£406,000 is the average cost incurred by large European companies in the wake of a cyber-attack, according to the 2013 Global Corporate IT Security Risks survey conducted by B2B International, in conjunction with Kaspersky Lab.
Any cyber-attack can cause damages for a company, but how can those damages be quantified in financial terms? In 2013, experts at B2B International calculated the damages stemming from cyber-attacks based on the results of a survey of companies around the world.
In order to get the most accurate picture of costs, B2B included only incidents that had occurred in the previous 12 months; the assessment was based on information about losses sustained as a direct result of security incidents. This comprised two main components:
* Damage resulting from the incident itself – i.e. losses stemming from critical data leakage, business continuity, and the costs associated with engaging incident remediation specialists;
* Unplanned ‘response’ costs required to prevent future, similar attacks, including hiring/training staff and hardware, software and other infrastructural updates.
Researchers did not incorporate data about some losses and expenses incurred by a comparatively small number of surveyed companies, such as costs stemming from the need to release a public statement about the incident.
After crunching the numbers, it appears that the majority of losses are caused by the incident itself. Lost opportunities and profits, as well as payments to third-party remediation specialists, average out at £368,000. “Response” expenses for hiring and training staff, as well as updating the hardware and software infrastructure adds an additional average payment of £38,000.
Interestingly, damages also varied depending on the region in which the targeted company operates, with Europe displaying a lower cost of damages than a number of other regions. For example, the largest damages were associated with incidents that involved companies operating in North America — an average of £530,000, followed closely by South America at £526,000.
The costs of a cyber-attack against small and mid-sized enterprises are lower than for large corporations. Nonetheless, considering the smaller size of these companies, the amounts still deal a significant blow. The average loss resulting from IT security incidents for mid-sized European companies came in at roughly £36,000, of which approximately £25,000 is accounted for by the incident itself, while the remaining £11,000 comes from other associated expenditures.
Looking at the global statistics, the largest average losses from cyber-attacks among small and mid-sized businesses were recorded at £62,000 for companies in Asia-Pacific. Second place went to companies in North America, with average losses of £53,000. The lowest losses from cyber-attacks were seen in Russia, at £14,000 on average.

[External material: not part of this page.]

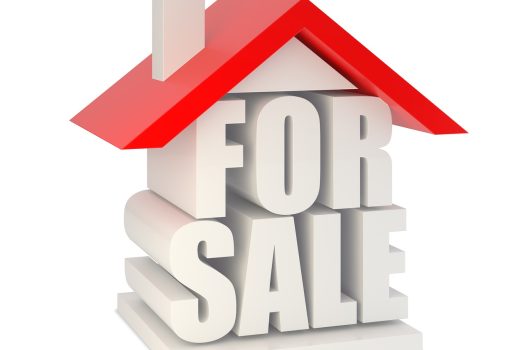 come vendere casa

The survey also revealed that in some cases the financial losses incurred by small companies are accompanied by other losses amounting to approximately 5 per cent of annual revenues. In one case, a company lost all of its business in a region where it had been successful prior to the incident.
A key lesson to be drawn from this study is that even the most destructive and expensive attacks could have been prevented. Attacks exploited holes in company security that could have been patched up if only the targeted corporations had used quality IT security solutions and managed IT infrastructure appropriately.
Kaspersky Endpoint Security for Business provides effective protection against all types of cyber threats, including targeted attacks. It also enables key controls such as automatic patch management and vulnerability scanning, capable of ensuring regular, consistent updates to corporate endpoints, in addition to the secure integration of mobile devices into the corporate network.
Typically, companies that have fallen prey to cyber-attacks only come to understand the importance and value of these solutions after an incident occurs – meaning additional, preventable costs. A simple comparison of the scale of expenses against the costs and damages caused by a cyber-attack shows that, in the overwhelming majority of cases, investment in quality, effective IT security would have been considerably less than the costs incurred following a breach.